4.Owners pay lower taxes on growth
A neat thing many people don’t think about is that owners’ gains grow tax-free. Yes, the corporation pays taxes, but the shareholders of a business don’t pay taxes until they sell. Most people focus on the tax benefits of 401k and IRA plans but even taxable investment accounts have tax-deferred gains. (By the way, are you curious how much you’ll have if you max out your 401k plan?)
When you do decide to sell your ownership of a company – as long as you’ve held it at least one year – it is considered a long-term capital gain. Those gains are taxed the same as qualified dividends, so 15% federal taxes in the example I’ve been using.
And yes, it is fair because remember, taxes were already paid each year by the business as they report profit on their annual returns.
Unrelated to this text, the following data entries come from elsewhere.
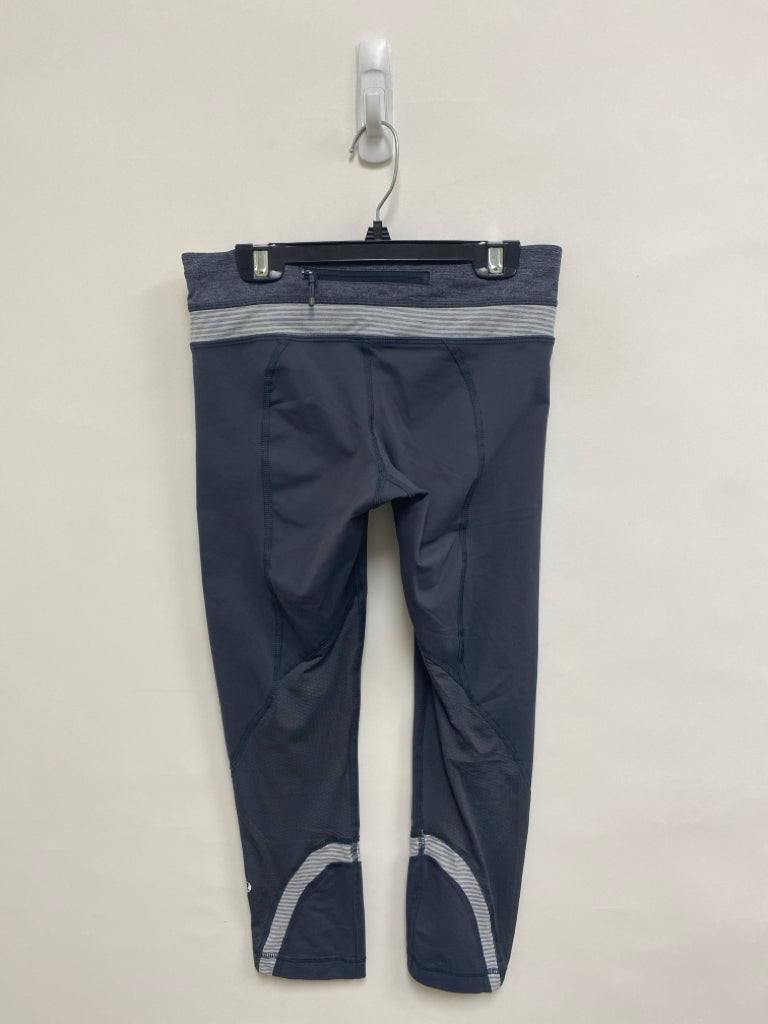 Lululemon Size 4 Gray Cropped Athletic Leggings
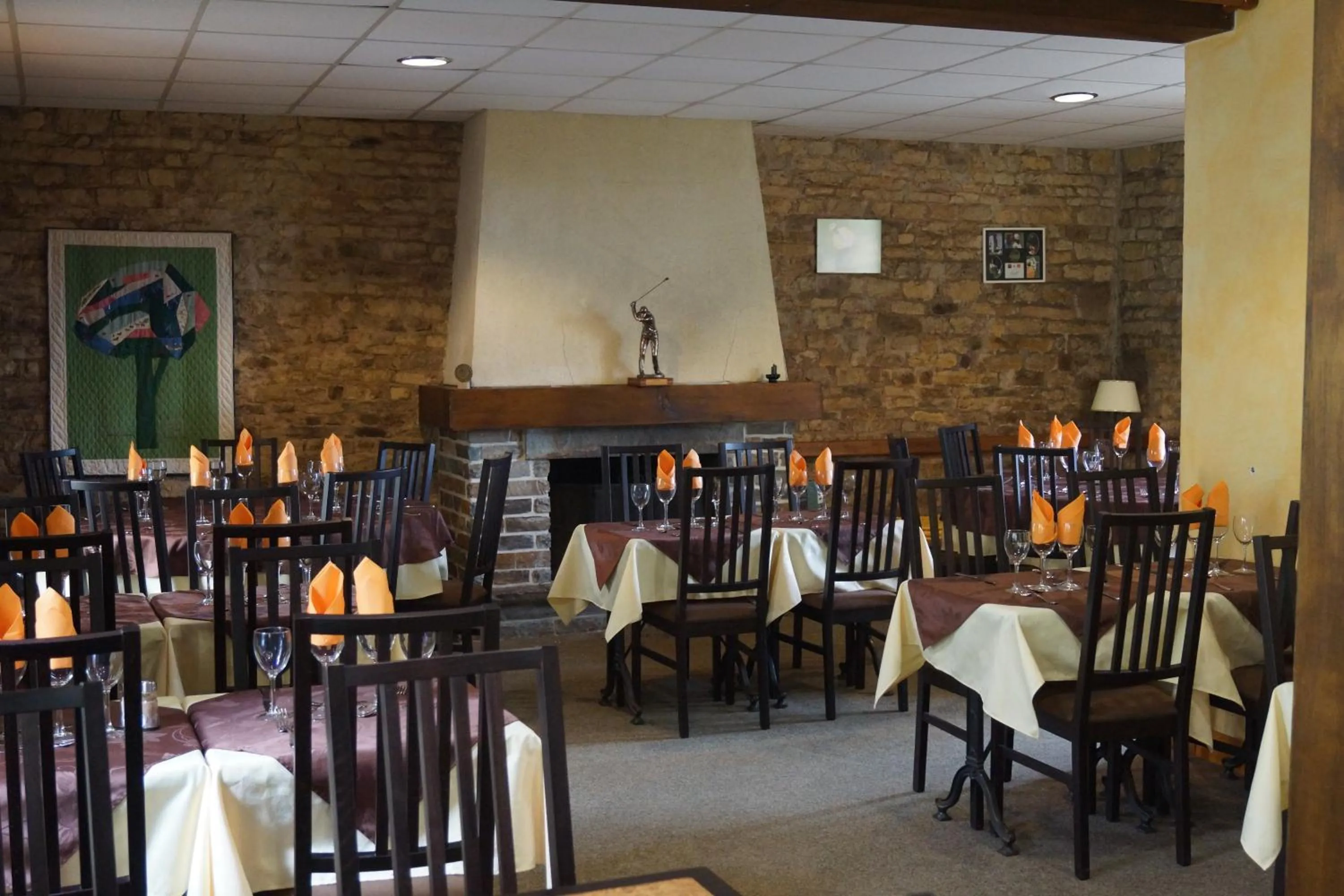 Restaurant/places to eat in Hotel du Golf de Clécy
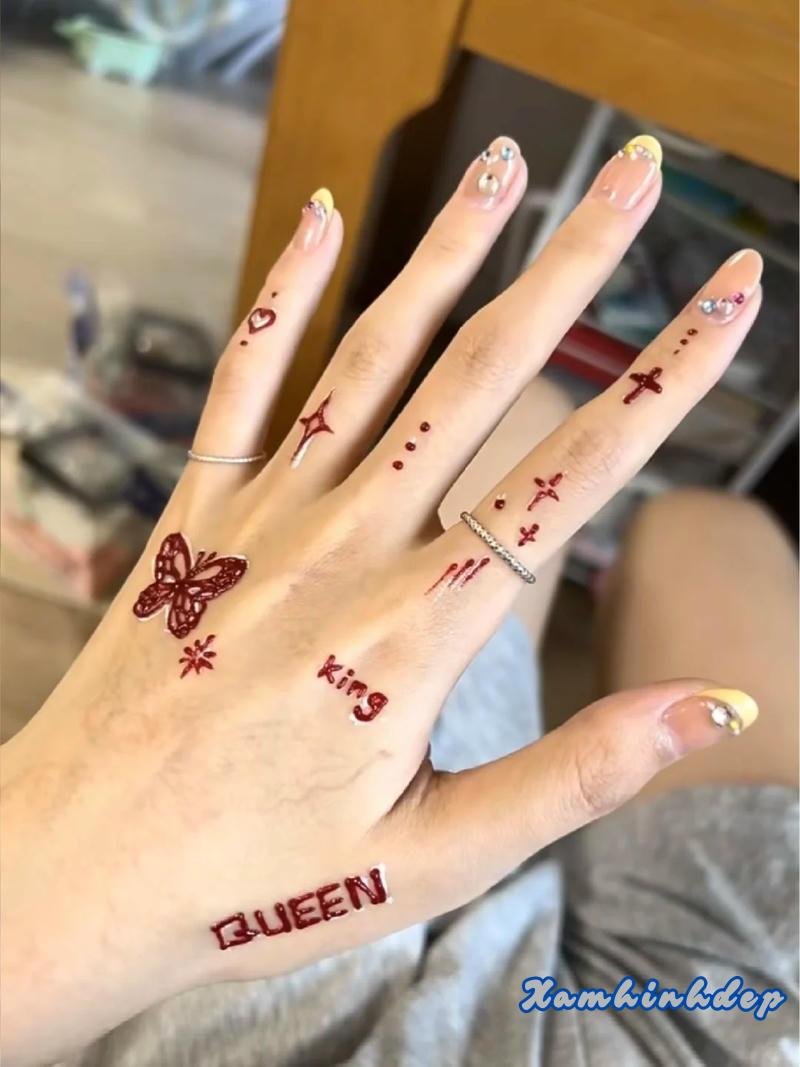 hình xăm ngón tay sắc nét.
5.Owners have huge return potential
The average annual return of the S&P 500 Index is right around 10% when you include dividends.
When comparing that tax-advantaged 10% return to a heavily taxed 2.39%, well, it’s a huge difference. You’re looking at 5X the growth of your money. Let’s say you put $1,000 in bonds and the same amount in an S&P 500 index for twenty years. You’re potentially looking at comparing $1,491 worth of bonds to $7,328 worth of stocks.
Investing in stocks is one of the key factors behind how slow and steady got me to $500k.
Cons of being an owner
I would be negligent if I didn’t discuss some of the drawbacks of being an owner. It’s not all sunshine and roses.
1.NOTHING is guaranteed
I can’t say it enough, so I’ll say it again. As an owner, nothing is guaranteed. You’ll probably share in profits through dividends, but you might not. The company will probably increase in value over time, but it might not. The company will probably “live” a nice long life, but it might not. Companies can and do run into financial troubles – some even fail.
But that’s also why it’s always recommended to have a diversified portfolio. When you own shares in 500 different companies, the impact from a couple of them not doing well is often offset by the rest of the group.
2.That’s pretty much it
I’m having a hard time thinking of a good second con honestly. The risk and unknown is pretty much the main drawback of being an owner.
Do you want to own or loan?
There isn’t a right or wrong answer to this question. People with lower risk tolerances might be better off as loaners. People with a higher risk tolerance may be better off as owners.
More likely your investment portfolio will have you as both an owner AND a loaner. Your financial advisor will probably recommend some mix of stocks and bonds. Boring bonds to give some stability and exciting stocks to provide reasonable growth.